→ **Dataset extract**:
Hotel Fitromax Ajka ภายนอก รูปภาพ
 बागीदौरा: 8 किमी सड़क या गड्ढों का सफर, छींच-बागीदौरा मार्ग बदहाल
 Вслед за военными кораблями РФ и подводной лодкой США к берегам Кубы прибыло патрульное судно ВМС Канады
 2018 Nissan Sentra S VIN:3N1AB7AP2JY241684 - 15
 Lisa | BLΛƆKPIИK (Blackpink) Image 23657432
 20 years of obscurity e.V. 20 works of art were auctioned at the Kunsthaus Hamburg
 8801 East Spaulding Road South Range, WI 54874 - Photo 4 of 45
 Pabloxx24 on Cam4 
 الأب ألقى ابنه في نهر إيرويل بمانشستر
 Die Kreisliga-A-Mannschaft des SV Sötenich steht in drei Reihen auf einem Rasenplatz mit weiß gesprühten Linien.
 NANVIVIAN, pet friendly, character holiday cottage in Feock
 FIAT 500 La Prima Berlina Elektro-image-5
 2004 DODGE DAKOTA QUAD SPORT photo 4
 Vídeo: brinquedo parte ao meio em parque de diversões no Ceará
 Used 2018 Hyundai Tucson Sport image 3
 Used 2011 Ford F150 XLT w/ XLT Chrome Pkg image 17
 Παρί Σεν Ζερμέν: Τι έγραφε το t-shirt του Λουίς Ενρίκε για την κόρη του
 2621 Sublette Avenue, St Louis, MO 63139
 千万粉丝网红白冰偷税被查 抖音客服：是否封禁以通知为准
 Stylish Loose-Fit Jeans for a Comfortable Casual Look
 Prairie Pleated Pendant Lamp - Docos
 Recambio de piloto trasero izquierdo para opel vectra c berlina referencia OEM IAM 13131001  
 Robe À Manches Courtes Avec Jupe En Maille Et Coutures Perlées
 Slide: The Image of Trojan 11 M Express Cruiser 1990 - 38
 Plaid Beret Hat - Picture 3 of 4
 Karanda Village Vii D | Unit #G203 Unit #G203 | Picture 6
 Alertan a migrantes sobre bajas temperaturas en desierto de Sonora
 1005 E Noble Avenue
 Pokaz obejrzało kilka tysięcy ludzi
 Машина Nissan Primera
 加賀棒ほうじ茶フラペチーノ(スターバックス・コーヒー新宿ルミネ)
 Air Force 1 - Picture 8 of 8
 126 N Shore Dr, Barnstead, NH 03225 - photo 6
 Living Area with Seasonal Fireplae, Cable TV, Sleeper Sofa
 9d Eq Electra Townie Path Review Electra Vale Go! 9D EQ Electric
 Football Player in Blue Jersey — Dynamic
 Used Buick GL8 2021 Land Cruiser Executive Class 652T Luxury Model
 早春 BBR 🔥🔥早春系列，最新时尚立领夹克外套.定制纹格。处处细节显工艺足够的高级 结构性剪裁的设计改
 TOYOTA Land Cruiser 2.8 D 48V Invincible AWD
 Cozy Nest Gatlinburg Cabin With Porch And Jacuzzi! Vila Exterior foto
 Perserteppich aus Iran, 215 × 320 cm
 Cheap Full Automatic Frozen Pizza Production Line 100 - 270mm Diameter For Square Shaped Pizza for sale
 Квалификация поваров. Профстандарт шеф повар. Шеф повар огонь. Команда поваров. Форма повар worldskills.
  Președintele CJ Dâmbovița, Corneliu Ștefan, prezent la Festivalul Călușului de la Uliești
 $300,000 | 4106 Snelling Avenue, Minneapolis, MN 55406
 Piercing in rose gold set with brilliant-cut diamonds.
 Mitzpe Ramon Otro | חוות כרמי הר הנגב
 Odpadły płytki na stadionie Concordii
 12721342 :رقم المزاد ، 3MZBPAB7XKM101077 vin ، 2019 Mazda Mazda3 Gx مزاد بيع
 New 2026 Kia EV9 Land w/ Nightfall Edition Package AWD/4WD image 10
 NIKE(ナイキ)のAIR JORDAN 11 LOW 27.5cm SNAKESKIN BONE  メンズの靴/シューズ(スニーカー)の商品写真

→ **What you have to do**:
Show each line of the material holding "Nissan".

→ **Task result**:
 2018 Nissan Sentra S VIN:3N1AB7AP2JY241684 - 15
 Машина Nissan Primera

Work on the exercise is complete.